» AVAILABLE DATA:
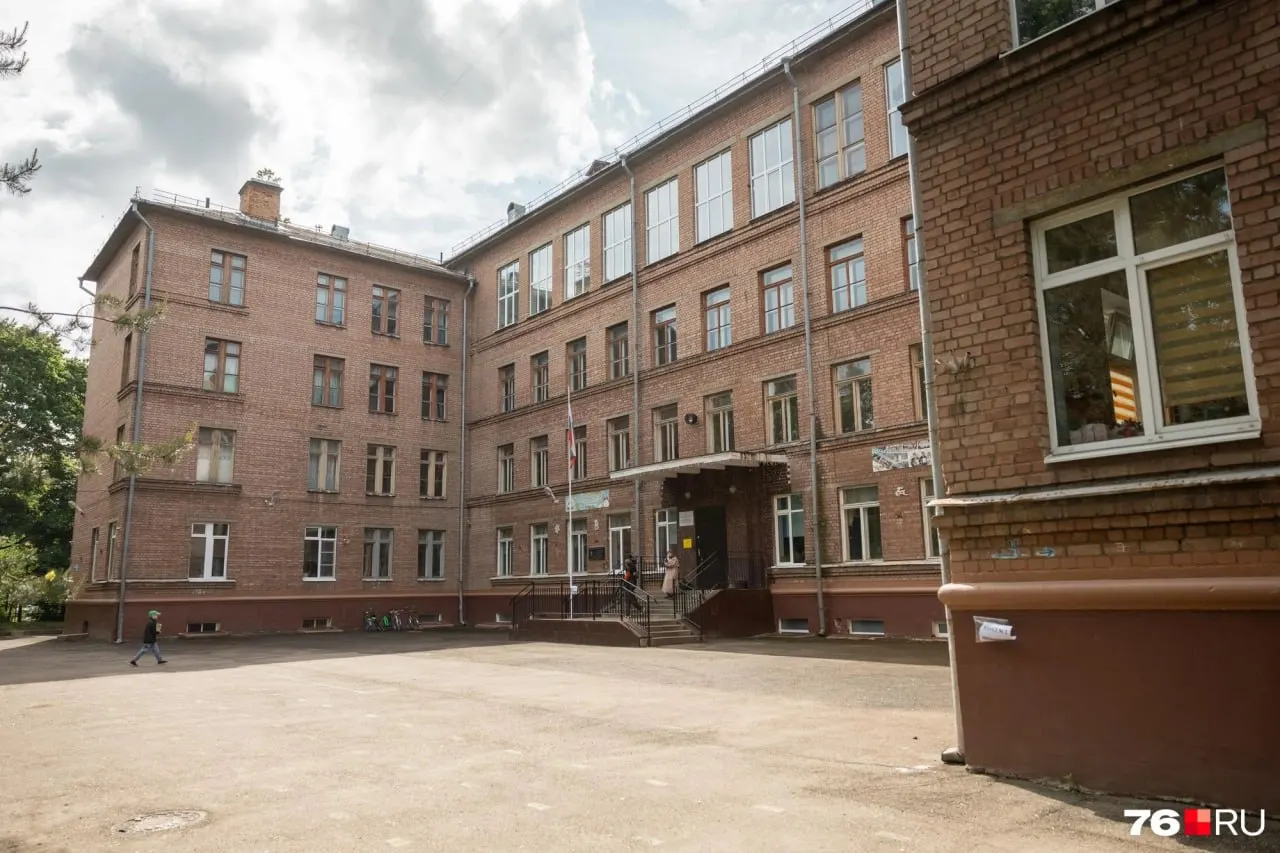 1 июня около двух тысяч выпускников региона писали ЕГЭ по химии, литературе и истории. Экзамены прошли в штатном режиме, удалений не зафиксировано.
...
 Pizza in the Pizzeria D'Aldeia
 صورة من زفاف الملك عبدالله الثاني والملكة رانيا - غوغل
==
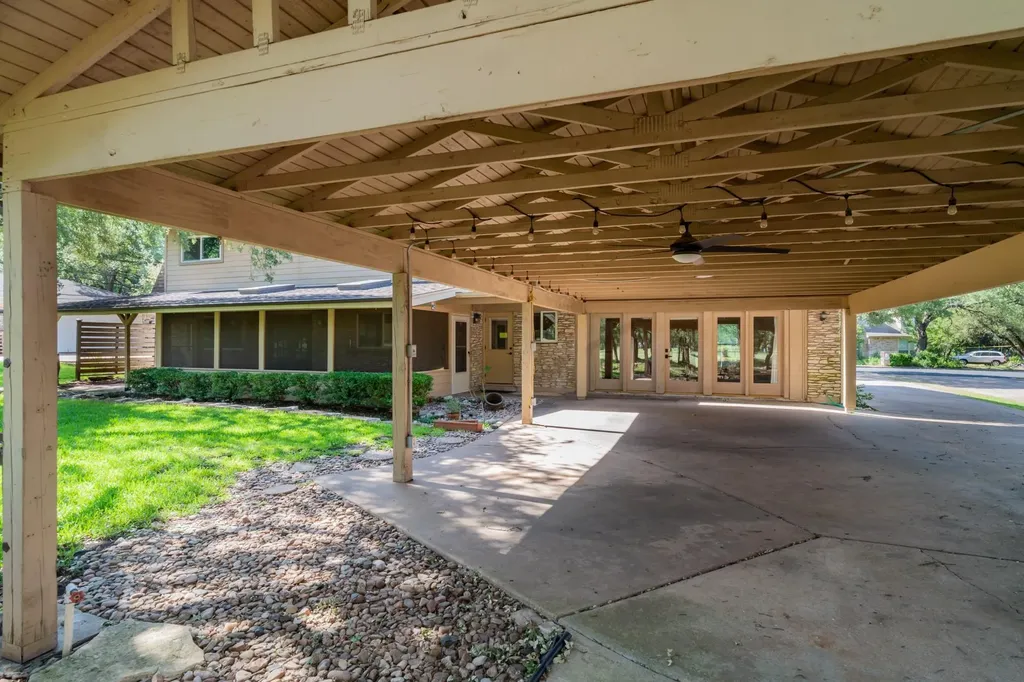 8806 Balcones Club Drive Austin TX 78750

» TASK DESCRIPTION:
Give back precisely the lines above that start at the line containing "Pizza in the Pizzeria D'Aldeia" and end at the line containing "صورة من زفاف", inclusive. No other lines belong in the output.

» OUTPUT:
 Pizza in the Pizzeria D'Aldeia
 صورة من زفاف الملك عبدالله الثاني والملكة رانيا - غوغل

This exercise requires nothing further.